Although adjustments were made based on cancer incidence and chemotherapy use, not all confounders could be accounted for due to a lack of data. Some of these include disease severity and disease-specific mortality, which could influence the results of this analysis. The guidelines on anemia treatment with DARB allow a treatment schedule of 500 μg Q3W (as opposed to 150 μg QW at the time of the study by Spaepen et al.11)37. Although the current analysis does not include patients receiving 500 μg Q3W, this was considered a conservative approach, since capturing the lower frequency of administration would probably imply greater cost savings for DARB due to, for example, fewer visits to physicians.
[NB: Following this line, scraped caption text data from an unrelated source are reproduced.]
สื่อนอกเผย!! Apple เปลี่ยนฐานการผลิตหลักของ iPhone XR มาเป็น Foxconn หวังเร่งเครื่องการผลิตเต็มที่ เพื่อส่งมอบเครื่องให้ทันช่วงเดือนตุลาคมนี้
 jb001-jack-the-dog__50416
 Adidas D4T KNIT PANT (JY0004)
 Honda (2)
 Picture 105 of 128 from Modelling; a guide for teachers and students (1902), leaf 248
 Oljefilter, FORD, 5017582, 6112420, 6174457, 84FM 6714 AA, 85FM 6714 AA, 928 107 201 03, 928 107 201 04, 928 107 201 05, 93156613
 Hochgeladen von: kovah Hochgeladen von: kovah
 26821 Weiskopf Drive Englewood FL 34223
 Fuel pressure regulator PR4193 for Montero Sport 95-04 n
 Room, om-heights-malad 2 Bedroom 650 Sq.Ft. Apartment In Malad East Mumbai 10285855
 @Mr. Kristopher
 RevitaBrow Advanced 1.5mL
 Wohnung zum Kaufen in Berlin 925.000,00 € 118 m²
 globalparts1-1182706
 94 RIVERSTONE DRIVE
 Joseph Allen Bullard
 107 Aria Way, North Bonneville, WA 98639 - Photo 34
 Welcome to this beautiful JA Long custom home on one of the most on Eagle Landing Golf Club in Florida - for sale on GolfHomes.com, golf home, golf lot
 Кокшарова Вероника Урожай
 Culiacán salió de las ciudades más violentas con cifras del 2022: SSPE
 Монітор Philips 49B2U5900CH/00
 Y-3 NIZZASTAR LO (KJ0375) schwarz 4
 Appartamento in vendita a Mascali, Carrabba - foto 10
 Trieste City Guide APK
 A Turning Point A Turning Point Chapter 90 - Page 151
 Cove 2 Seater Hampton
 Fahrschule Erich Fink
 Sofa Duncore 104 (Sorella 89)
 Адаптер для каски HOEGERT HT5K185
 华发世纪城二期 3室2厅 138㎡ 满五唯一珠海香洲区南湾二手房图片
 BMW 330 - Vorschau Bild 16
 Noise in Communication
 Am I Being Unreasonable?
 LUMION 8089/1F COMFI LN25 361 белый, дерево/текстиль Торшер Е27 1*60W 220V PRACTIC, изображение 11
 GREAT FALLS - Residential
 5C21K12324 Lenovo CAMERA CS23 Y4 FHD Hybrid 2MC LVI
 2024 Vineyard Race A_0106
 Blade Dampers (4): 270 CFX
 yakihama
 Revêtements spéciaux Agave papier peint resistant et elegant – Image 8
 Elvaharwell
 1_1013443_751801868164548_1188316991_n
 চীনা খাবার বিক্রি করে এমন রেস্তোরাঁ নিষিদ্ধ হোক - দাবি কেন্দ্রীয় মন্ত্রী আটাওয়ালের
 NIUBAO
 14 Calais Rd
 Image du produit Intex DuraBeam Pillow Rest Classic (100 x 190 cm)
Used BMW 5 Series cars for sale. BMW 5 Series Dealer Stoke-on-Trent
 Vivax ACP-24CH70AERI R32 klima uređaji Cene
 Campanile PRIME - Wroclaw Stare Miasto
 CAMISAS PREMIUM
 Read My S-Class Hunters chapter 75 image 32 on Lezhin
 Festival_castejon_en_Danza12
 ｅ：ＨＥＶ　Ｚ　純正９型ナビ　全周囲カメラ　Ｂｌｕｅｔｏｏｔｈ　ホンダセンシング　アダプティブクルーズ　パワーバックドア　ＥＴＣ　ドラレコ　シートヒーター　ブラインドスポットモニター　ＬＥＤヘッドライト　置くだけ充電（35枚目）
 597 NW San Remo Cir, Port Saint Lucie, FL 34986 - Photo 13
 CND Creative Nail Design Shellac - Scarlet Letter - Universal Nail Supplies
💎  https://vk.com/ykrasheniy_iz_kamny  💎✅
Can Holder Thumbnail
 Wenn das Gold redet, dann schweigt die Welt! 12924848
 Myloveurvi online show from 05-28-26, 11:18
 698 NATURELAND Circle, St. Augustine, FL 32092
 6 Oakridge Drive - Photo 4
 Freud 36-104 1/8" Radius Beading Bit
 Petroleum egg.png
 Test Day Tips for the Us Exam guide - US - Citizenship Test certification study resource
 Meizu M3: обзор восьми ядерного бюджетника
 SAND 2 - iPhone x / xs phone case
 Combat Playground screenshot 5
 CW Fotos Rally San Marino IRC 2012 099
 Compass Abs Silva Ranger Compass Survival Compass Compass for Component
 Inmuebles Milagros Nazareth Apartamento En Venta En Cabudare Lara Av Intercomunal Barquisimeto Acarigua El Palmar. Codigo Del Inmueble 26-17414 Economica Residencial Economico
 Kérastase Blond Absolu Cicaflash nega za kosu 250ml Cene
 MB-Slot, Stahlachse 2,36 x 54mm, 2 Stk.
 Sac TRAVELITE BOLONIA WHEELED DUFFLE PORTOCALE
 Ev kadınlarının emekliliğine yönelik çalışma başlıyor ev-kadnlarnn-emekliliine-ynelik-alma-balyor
Overall, the methodology implemented in this study allowed extending the Belgian analysis to Austria, France, Italy, Portugal, and Spain. Further research should explore the applicability of this methodology to different treatment options or procedures in other disease areas and other countries.

Conclusions

Strong similarities were found between the Belgian, Austrian, Italian, French, Portuguese, and Spanish populations in terms of demographics (age and gender profile), while differences in the incidence of four specific tumor types and chemotherapy regimens used were found. After adjusting for patient baseline characteristics and country differences, mean total costs with DARB were 19–35% lower compared with EPO-A and EPO-B. Mean anemia-related costs were 12–37% lower for patients receiving DARB compared with those receiving EPO-A or EPO-B. The findings are in line with those from the Belgian analysis and demonstrate the feasibility of using this methodology to adapt such data to other settings, accounting for patient characteristics and treatment costs where needed. These findings should, therefore, be valuable in healthcare decision-making in oncology patients being treated in each one of the five countries studied. The lack of granular, patient-level data in Europe that would allow for application of methods that address patient selection bias should be acknowledged. Further research examining the feasibility of the proposed methodology in another disease is warranted.

Transparency

Declaration of funding

Funding for this study was provided by Amgen GmbH. Lucie Kutikova and Beatriz Pujol are employees of Amgen and were involved in the drafting, revision and approval of the manuscript.

Declaration of financial/other relationships

LK and BP are Amgen employees; CL, BP, MB, and LA have received research funding or grant support from Amgen at their respective institutes. IMS Health received funding from Amgen to perform this study; AD, ML, and DU are employees of IMS Health; ES, EW, CL, BP, MB, SVB, and LA have acted as consultants to IMS Health.

Acknowledgments

The authors wish to acknowledge Gareth Worthington, PhD (Amgen [Europe] GmbH, Zug, Switzerland) and Dawn Batty, PhD (Bioscript Stirling Ltd [funded by Amgen]) who provided editorial support.